The Swagger Wagon: Steal This Idea
There's a wide world of ideas beyond the green industry. Each month we ask an industry leader to share an idea they find worth stealing.
December 27, 2011
The Cool Idea: Toyota’s Swagger Wagon video.
Who Likes It: Proven Winners’ Marshall Dirks
What He Likes About It: The similarities of our industry and the car industry were striking. Our advertising tends to focus on the features of the products and the awards won. Same with cars – the engine size, MPG, how many cup holders and JD Powers awards won. Our ads show an ideal garden, as the car companies show their cars performing in the mountains on a beautiful, wet, winding pavement – when most people don’t drive there, nor do they have beautiful gardens. Additionally, both industries are very conservative and slow to change.
The Green Industry Take Away: Toyota did a great job understanding the thought process and barriers to owning a minivan. It’s no longer cool – they are 20 years old now. They all have sliding doors. Remember when they were like a van with just three doors? Ford and others were dropping out of the minivan market. SUVs became the new cool vehicle. It’s not a smart vehicle, or eco-friendly, yet millions want to buy them.
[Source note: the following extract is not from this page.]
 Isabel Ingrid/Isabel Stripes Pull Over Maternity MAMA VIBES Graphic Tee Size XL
They recognized the female customer’s desire to be heard and understood. She works hard, and being a full-time mom and wife is time consuming. The commercial validated her role and thus understood her intrinsic desire to be accepted and still drive something cool – a “swagger-wagon.” She no longer has to be embarrassed when she picks up the kids or that she stays home. Her vehicle defines her as hip and cool. Doesn’t every mom want that?
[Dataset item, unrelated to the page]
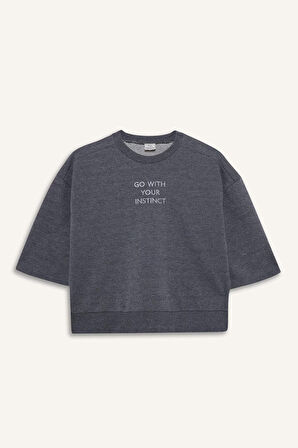 Kız Çocuk Oversize Geniş Kalıp Bisiklet Yaka Baskılı Sweatshirt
The challenge we’ve taken at Proven Winners is doing more to make gardening cool and relevant.
We certainly do not have this figured out, but we are trying to address some areas, such as using social media and to take risks like Toyota when many seek to cut costs and decrease value.
Value is hard to define. It’s not always cost, but rather how the product makes the customer feel. It’s an old lesson, but one that can be implemented in any economy.